● Aim of the task: Please repeat, from the entries that follow, the lines from the one containing "100Pcs America Toothpicks" through the one containing "SCHNEIDER MCCB 4P" exactly, adding nothing.

##########

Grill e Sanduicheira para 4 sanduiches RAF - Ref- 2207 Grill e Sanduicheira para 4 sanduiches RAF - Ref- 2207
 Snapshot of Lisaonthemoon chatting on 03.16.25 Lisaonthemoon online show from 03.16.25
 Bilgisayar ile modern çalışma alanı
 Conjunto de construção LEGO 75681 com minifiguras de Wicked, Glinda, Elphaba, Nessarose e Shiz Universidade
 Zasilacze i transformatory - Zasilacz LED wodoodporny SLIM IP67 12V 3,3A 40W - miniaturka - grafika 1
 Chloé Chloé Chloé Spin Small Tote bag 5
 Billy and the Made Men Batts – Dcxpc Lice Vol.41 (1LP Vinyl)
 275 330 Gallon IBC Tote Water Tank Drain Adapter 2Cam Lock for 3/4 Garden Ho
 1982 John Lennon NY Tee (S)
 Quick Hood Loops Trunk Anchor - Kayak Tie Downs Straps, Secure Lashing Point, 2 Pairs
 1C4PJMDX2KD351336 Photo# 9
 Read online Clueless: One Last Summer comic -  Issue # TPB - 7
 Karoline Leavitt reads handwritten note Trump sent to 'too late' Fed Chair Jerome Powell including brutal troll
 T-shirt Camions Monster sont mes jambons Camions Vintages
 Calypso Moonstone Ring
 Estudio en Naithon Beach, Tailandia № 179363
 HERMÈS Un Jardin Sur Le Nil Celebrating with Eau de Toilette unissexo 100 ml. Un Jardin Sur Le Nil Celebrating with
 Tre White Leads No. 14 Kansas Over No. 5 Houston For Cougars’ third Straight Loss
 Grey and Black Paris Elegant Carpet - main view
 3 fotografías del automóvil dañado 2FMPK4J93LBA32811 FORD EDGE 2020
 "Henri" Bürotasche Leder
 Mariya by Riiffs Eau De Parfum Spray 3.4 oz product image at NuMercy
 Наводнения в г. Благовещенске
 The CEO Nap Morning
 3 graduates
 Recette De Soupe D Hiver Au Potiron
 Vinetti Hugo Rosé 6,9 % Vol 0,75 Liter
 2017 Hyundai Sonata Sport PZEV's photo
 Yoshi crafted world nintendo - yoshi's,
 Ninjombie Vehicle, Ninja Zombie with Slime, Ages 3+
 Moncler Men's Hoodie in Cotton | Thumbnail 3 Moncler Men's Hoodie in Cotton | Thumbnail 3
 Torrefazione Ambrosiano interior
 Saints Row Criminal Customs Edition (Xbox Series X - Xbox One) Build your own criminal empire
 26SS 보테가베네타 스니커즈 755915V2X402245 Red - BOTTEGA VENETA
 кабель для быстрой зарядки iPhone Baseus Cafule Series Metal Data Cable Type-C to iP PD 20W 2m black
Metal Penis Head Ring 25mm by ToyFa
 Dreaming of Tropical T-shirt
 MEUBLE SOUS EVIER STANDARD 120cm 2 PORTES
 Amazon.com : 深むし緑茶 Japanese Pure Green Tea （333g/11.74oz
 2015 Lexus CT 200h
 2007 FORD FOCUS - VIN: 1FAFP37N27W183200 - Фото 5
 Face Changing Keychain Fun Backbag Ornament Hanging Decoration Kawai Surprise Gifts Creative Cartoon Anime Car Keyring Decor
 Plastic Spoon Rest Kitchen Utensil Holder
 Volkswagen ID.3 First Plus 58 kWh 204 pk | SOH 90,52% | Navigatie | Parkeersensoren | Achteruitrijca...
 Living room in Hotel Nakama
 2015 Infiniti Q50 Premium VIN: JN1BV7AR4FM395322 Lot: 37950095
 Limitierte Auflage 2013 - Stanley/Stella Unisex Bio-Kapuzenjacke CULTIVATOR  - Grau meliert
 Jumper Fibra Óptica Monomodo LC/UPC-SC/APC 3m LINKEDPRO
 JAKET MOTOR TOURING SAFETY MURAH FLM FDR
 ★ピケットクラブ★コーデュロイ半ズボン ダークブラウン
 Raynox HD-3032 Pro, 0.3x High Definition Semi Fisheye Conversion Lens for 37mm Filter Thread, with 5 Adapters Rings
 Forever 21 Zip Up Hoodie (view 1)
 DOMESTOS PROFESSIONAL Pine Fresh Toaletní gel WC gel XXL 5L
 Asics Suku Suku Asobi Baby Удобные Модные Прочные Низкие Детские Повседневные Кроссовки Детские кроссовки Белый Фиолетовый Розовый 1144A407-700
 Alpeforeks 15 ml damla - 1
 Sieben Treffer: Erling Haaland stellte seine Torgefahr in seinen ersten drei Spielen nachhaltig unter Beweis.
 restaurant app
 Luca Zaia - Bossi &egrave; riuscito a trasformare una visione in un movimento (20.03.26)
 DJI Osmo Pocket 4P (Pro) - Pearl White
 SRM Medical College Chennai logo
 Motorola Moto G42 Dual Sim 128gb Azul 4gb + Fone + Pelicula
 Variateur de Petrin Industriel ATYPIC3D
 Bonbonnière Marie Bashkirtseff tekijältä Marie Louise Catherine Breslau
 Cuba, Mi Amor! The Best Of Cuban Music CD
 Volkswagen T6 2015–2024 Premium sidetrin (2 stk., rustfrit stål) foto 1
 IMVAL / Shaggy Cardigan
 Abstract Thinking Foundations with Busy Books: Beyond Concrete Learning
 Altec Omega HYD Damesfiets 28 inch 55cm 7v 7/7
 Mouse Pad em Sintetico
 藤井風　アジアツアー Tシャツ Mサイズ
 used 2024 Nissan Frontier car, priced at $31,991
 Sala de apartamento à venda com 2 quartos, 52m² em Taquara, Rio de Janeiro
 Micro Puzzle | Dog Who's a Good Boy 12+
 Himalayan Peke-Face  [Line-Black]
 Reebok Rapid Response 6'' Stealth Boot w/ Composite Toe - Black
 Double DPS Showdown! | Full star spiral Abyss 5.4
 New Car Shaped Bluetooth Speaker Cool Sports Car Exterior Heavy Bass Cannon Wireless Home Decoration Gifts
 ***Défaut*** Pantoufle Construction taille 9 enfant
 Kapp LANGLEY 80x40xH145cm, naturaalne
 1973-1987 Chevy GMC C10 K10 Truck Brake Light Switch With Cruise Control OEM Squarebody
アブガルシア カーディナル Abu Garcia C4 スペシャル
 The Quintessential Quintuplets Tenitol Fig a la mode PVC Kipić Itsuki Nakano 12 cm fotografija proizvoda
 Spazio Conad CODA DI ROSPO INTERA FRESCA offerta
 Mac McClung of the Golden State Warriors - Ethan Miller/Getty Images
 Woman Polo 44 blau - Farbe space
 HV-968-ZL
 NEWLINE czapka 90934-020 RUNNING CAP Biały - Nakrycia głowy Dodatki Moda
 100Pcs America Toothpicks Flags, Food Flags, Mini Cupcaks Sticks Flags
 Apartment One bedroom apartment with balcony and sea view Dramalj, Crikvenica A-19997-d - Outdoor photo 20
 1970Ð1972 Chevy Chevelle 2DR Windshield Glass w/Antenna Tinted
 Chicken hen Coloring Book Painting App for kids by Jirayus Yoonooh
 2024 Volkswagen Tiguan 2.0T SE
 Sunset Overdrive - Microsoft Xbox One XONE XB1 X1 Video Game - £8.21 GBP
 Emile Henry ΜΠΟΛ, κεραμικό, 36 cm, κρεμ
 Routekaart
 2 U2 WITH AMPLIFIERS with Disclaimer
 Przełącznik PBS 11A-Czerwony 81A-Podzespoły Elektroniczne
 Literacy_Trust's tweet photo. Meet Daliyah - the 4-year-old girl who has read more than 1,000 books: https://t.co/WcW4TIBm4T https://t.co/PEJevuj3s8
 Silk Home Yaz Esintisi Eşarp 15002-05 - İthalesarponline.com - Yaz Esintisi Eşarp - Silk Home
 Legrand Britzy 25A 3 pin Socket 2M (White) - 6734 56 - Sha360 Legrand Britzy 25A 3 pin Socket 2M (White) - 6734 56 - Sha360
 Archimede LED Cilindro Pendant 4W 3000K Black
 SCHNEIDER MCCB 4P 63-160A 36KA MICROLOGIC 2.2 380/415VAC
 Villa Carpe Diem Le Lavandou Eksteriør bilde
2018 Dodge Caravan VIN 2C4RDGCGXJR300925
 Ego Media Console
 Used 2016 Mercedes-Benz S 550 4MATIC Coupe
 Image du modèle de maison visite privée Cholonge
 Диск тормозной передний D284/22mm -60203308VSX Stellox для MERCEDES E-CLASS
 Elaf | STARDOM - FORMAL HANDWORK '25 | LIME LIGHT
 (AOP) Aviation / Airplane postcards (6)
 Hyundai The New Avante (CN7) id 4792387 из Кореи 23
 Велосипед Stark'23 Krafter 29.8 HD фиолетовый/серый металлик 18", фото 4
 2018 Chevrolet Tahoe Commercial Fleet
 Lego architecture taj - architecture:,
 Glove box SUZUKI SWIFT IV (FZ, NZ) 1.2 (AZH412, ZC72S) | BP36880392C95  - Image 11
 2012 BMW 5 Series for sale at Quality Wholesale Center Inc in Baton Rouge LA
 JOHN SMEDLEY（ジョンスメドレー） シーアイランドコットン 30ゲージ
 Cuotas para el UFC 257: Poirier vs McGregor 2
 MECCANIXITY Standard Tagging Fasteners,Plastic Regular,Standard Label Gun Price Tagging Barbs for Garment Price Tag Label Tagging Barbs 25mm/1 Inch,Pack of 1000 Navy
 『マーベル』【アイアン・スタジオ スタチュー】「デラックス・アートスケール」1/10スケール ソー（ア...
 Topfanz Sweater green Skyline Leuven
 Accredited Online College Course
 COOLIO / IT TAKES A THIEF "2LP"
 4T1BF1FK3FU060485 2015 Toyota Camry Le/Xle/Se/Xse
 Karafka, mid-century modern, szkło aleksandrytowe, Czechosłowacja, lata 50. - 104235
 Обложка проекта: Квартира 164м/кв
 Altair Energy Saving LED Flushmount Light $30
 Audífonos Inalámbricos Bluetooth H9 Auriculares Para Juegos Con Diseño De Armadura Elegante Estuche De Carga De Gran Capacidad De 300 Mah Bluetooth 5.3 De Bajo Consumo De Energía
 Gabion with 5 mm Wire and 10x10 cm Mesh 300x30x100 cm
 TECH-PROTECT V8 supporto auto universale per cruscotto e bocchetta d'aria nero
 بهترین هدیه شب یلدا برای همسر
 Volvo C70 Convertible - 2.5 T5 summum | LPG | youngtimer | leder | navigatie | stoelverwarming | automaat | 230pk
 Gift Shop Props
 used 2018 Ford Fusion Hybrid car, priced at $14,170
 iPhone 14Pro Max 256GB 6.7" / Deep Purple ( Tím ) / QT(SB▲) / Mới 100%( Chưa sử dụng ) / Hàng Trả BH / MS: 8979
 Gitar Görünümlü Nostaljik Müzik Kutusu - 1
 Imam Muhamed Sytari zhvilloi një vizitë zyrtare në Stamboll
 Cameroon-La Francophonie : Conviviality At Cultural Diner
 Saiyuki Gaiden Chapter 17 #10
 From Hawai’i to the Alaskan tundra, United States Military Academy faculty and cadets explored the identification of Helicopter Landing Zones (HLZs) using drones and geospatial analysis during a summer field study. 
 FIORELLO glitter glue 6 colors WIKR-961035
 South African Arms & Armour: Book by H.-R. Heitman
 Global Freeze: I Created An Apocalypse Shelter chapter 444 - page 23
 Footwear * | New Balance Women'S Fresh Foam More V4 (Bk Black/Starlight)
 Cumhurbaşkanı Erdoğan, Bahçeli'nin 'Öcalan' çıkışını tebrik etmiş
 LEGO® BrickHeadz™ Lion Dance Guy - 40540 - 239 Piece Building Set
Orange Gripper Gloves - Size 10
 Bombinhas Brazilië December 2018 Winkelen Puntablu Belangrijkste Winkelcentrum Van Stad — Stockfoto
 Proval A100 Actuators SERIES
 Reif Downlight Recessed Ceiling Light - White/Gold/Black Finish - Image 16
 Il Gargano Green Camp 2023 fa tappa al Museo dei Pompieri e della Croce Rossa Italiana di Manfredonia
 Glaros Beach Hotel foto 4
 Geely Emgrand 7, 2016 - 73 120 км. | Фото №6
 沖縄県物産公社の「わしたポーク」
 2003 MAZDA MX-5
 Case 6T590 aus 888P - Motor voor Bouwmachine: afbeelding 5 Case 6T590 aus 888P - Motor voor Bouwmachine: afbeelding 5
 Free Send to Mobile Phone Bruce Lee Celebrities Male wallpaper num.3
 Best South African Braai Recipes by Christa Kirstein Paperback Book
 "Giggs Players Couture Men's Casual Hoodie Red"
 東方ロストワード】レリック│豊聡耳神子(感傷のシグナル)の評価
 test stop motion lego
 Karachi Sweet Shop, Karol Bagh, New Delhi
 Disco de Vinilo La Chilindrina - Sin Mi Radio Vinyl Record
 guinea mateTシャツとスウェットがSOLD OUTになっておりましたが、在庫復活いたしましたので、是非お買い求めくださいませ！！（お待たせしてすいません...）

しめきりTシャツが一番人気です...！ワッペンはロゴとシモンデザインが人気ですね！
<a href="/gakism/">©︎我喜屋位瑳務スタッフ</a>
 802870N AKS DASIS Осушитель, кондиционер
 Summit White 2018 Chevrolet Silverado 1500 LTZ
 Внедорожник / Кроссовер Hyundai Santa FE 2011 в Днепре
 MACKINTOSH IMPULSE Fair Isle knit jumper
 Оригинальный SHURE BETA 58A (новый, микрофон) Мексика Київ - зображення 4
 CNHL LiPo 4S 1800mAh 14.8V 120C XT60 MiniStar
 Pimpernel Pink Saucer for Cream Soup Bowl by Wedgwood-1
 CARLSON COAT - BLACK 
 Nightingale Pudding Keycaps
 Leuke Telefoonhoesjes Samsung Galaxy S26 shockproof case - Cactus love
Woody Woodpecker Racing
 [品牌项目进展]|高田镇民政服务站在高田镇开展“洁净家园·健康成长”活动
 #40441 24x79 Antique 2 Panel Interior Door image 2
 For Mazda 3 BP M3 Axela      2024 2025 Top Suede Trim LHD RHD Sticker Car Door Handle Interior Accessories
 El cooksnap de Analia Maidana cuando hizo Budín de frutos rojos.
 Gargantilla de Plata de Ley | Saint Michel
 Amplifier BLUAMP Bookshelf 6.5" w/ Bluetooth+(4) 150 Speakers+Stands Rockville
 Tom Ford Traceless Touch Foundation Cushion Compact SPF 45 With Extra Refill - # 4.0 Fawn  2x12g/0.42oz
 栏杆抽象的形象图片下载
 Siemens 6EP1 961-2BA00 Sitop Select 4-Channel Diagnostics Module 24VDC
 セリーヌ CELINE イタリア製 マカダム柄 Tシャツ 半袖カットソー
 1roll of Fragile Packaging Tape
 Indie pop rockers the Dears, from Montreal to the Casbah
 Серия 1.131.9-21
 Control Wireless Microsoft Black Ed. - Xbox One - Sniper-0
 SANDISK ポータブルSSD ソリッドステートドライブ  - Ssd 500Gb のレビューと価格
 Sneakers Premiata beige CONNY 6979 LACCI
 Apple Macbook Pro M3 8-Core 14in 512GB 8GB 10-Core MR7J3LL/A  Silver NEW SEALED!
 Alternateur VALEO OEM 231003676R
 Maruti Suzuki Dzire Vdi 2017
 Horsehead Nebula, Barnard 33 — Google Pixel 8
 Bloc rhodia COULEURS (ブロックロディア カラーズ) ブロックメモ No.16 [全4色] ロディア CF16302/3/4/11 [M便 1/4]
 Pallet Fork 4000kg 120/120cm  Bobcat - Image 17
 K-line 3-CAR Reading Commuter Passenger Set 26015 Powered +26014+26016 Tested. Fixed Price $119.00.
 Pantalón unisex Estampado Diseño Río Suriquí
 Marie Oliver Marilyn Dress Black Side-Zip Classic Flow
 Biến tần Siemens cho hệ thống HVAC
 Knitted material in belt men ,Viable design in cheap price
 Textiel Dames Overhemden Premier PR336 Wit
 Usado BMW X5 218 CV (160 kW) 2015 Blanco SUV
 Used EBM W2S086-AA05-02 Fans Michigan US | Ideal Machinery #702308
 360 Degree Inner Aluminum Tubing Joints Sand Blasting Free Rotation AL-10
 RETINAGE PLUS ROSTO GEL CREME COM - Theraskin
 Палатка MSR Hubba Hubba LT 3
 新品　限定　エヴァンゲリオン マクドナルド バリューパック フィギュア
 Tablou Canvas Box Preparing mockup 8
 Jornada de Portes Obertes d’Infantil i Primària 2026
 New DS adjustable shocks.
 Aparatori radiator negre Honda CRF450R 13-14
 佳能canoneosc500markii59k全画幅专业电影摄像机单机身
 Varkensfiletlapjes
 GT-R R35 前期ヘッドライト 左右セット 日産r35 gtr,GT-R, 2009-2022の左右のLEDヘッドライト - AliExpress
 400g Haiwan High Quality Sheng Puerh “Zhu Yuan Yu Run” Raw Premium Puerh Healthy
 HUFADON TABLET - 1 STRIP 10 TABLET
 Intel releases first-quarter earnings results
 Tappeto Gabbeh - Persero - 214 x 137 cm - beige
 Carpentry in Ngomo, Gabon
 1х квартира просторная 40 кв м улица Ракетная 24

##########

● Solution to this problem:
 100Pcs America Toothpicks Flags, Food Flags, Mini Cupcaks Sticks Flags
 Apartment One bedroom apartment with balcony and sea view Dramalj, Crikvenica A-19997-d - Outdoor photo 20
 1970Ð1972 Chevy Chevelle 2DR Windshield Glass w/Antenna Tinted
 Chicken hen Coloring Book Painting App for kids by Jirayus Yoonooh
 2024 Volkswagen Tiguan 2.0T SE
 Sunset Overdrive - Microsoft Xbox One XONE XB1 X1 Video Game - £8.21 GBP
 Emile Henry ΜΠΟΛ, κεραμικό, 36 cm, κρεμ
 Routekaart
 2 U2 WITH AMPLIFIERS with Disclaimer
 Przełącznik PBS 11A-Czerwony 81A-Podzespoły Elektroniczne
 Literacy_Trust's tweet photo. Meet Daliyah - the 4-year-old girl who has read more than 1,000 books: https://t.co/WcW4TIBm4T https://t.co/PEJevuj3s8
 Silk Home Yaz Esintisi Eşarp 15002-05 - İthalesarponline.com - Yaz Esintisi Eşarp - Silk Home
 Legrand Britzy 25A 3 pin Socket 2M (White) - 6734 56 - Sha360 Legrand Britzy 25A 3 pin Socket 2M (White) - 6734 56 - Sha360
 Archimede LED Cilindro Pendant 4W 3000K Black
 SCHNEIDER MCCB 4P 63-160A 36KA MICROLOGIC 2.2 380/415VAC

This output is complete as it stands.